Una Samp la cui musica è negli ultimi anni un po’ dissonante, con campionati condotti in sofferenza, in quella parte destra della classifica che ai tempi d’oro non veniva neanche presa in considerazione, se non per dileggiare i cugini.
Un presidente a dir poco maccheronico, poco fedele al trend di illustri predecessori come Alberto Ravano, che ha creato una prima grande Samp, quella del quarto posto, l’immenso Paolo Mantovani, che l’ha resa grande vincendo quasi tutto e quel quasi (leggasi Coppa dei Campioni) lo ha perso in finale, il mai troppo rimpianto Riccardo Garrone, che l’ha fatta risorgere dalle proprie ceneri riportandola dai bassifondi della cadetteria all’Europa che conta.
Ma resta l’immagine di un club che ha esportato la Genova a livello internazionale, con quattro finali europee consecutive, con uno scudetto unico nel suo genere, per come è stato “vinto, visto e vissuto”; una squadra che si è presentata dal Santo Padre con Vialli, Cerezo e Ivano Bonetti tinti di biondo – incredibile per la serie A dell’epoca, dove anche i pochi tatuaggi venivano mostrati con pudore e le trecce di Gullit erano un unicum – che ha dimostrato come si possa vincere in allegria, senza pressioni, in un contesto molto familistico come quello costruito negli anni dal suo immenso presidente.

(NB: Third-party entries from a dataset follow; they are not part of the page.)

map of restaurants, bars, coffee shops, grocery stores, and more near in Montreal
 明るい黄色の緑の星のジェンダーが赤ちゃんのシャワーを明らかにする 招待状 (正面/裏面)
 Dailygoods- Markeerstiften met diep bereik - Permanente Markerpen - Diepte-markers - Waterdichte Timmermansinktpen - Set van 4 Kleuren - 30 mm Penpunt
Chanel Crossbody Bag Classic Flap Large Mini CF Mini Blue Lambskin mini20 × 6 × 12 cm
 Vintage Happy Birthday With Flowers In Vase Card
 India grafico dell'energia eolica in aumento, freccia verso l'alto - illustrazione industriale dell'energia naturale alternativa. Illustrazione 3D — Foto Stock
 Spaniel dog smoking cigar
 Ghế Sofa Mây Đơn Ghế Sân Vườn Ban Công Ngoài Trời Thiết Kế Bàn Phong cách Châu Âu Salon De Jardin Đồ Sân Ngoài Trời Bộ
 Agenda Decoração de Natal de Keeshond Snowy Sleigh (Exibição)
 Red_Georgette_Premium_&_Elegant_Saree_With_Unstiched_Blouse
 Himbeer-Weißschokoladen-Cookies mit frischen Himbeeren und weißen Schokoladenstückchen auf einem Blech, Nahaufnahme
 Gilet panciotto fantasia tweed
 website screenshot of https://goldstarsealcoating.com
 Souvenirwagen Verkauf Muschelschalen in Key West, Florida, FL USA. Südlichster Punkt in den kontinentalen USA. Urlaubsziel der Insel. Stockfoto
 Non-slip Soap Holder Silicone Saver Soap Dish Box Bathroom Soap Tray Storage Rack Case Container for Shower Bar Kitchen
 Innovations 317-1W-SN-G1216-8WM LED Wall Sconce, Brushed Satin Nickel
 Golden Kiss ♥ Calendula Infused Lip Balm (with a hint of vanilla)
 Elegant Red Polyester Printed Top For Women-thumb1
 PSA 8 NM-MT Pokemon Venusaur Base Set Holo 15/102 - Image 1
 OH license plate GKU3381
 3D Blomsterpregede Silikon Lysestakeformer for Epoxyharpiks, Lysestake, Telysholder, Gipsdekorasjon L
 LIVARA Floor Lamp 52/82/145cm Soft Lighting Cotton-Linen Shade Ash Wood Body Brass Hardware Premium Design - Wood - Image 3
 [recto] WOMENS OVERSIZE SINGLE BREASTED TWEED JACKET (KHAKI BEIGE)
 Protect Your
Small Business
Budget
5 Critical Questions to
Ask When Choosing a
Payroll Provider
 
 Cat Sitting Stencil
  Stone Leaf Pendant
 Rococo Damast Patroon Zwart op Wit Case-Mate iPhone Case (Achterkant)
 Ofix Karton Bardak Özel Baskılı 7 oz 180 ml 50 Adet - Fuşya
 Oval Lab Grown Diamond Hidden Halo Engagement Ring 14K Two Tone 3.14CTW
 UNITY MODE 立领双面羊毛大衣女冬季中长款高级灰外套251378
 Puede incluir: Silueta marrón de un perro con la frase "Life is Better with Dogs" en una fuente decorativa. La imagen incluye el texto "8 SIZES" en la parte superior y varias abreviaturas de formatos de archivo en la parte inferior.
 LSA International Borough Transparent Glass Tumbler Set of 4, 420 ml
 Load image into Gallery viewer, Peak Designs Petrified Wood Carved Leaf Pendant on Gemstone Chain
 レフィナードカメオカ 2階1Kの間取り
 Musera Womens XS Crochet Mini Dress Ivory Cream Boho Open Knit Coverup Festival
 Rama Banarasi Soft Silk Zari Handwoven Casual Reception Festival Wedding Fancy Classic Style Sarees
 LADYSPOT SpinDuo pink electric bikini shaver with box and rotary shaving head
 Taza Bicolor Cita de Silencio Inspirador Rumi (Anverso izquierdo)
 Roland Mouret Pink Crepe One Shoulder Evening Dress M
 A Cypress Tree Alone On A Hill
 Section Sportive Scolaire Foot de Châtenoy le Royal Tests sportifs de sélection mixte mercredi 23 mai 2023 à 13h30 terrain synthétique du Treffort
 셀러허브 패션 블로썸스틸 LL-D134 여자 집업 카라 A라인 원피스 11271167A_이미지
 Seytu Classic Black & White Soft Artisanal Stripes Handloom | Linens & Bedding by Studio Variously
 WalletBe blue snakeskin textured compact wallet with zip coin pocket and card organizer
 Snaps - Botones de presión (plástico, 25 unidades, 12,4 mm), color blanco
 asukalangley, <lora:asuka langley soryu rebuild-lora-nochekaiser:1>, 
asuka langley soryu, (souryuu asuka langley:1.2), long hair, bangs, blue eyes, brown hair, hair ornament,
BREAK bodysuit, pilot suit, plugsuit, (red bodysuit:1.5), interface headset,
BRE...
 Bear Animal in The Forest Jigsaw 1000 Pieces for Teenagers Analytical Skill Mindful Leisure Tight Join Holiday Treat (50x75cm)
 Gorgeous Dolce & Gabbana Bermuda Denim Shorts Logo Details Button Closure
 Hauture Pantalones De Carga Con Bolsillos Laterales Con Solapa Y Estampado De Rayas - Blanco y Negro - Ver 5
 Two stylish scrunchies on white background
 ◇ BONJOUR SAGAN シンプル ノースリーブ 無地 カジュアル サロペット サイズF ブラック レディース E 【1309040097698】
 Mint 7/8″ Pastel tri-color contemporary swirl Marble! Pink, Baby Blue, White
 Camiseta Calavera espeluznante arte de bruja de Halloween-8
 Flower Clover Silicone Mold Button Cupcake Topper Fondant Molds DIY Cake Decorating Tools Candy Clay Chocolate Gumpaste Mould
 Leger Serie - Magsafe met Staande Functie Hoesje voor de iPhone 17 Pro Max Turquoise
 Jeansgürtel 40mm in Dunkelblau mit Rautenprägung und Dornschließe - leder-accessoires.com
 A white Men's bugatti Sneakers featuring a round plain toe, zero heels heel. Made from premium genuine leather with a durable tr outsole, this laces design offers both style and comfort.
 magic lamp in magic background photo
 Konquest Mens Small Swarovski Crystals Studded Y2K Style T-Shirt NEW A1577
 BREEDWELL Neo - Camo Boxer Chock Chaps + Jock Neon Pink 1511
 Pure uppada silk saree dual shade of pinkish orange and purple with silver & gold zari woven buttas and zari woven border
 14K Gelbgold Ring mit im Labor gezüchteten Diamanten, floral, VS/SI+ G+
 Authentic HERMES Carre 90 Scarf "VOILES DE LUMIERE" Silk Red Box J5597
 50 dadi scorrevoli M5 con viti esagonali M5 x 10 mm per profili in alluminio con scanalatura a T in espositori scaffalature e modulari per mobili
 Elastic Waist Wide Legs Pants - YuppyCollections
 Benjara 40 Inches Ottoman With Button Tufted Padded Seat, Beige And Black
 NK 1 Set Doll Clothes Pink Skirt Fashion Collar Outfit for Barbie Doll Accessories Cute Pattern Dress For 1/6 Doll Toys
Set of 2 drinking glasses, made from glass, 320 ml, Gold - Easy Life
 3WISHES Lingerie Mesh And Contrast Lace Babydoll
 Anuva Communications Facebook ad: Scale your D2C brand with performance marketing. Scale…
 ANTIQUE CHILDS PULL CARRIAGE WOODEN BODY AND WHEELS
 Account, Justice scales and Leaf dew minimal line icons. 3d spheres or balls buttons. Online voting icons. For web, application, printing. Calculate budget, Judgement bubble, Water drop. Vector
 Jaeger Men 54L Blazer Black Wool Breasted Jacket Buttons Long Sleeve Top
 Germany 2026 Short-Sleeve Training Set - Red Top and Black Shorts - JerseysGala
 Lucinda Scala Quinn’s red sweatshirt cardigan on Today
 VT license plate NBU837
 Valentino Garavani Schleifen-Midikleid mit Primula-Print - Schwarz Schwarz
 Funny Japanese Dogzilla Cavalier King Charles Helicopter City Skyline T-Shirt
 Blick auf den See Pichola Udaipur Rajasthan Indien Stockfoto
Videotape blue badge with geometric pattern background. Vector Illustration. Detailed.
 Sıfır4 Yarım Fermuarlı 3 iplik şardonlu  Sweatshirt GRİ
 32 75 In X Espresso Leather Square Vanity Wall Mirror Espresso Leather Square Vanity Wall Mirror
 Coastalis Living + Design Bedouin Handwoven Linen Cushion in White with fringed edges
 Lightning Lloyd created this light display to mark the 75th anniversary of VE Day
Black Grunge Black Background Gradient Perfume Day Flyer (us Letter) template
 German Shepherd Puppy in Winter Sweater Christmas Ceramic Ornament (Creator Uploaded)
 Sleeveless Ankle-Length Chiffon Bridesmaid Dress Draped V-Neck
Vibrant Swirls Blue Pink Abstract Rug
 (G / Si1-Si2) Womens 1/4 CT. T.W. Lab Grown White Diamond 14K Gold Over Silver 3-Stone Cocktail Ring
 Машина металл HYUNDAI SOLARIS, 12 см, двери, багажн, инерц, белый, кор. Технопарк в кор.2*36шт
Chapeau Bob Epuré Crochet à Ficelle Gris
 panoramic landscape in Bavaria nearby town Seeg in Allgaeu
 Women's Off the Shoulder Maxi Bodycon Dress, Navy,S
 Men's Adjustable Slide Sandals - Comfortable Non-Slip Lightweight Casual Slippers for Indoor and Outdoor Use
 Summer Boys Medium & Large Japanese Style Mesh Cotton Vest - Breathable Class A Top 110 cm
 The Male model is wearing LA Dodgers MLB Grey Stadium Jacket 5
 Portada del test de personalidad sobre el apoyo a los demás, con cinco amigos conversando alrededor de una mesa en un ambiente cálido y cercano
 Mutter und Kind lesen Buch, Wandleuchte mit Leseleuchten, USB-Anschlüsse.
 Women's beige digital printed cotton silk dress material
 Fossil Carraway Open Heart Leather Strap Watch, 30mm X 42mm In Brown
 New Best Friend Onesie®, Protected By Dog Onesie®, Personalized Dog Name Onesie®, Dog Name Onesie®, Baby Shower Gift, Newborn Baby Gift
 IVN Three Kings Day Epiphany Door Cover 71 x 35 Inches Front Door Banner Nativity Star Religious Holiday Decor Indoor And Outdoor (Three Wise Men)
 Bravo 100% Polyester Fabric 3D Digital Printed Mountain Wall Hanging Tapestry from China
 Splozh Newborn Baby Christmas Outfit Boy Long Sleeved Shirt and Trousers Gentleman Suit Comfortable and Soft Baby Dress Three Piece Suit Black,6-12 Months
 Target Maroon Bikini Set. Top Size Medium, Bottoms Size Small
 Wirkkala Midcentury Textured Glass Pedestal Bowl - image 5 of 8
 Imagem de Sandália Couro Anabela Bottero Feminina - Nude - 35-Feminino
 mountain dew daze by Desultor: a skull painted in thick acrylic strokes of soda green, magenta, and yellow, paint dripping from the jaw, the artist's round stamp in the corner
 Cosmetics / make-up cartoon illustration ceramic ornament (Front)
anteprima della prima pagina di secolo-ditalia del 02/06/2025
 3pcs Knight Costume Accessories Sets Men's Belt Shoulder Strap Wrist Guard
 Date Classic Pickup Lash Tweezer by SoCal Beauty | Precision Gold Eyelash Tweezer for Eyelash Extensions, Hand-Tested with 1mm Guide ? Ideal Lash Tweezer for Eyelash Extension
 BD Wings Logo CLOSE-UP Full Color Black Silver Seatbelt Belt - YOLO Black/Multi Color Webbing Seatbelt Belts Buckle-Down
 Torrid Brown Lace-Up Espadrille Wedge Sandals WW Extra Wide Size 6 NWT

Alla faccia della “maccaia”, quel clima tipico del capoluogo ligure, che secondo l’immenso Gioanbrerafucarlo, tifosissimo rossoblu, è stato la causa della scarsa propensione alle vittorie della Superba del calcio rispetto ad altre realtà molto più opulente come Milano e Torino.

Marassi è pronta ad accogliere il suo derby, uno dei più belli e sentiti del panorama calcistico mondiale, con le sue stupende coreografie, i suoi sfottò, ma soprattutto i colori di una Genova che si riscopre sempre romantica, antica e moderna insieme, due aspetti che convivono senza fondersi perchè in fondo a Genova è bello anche così.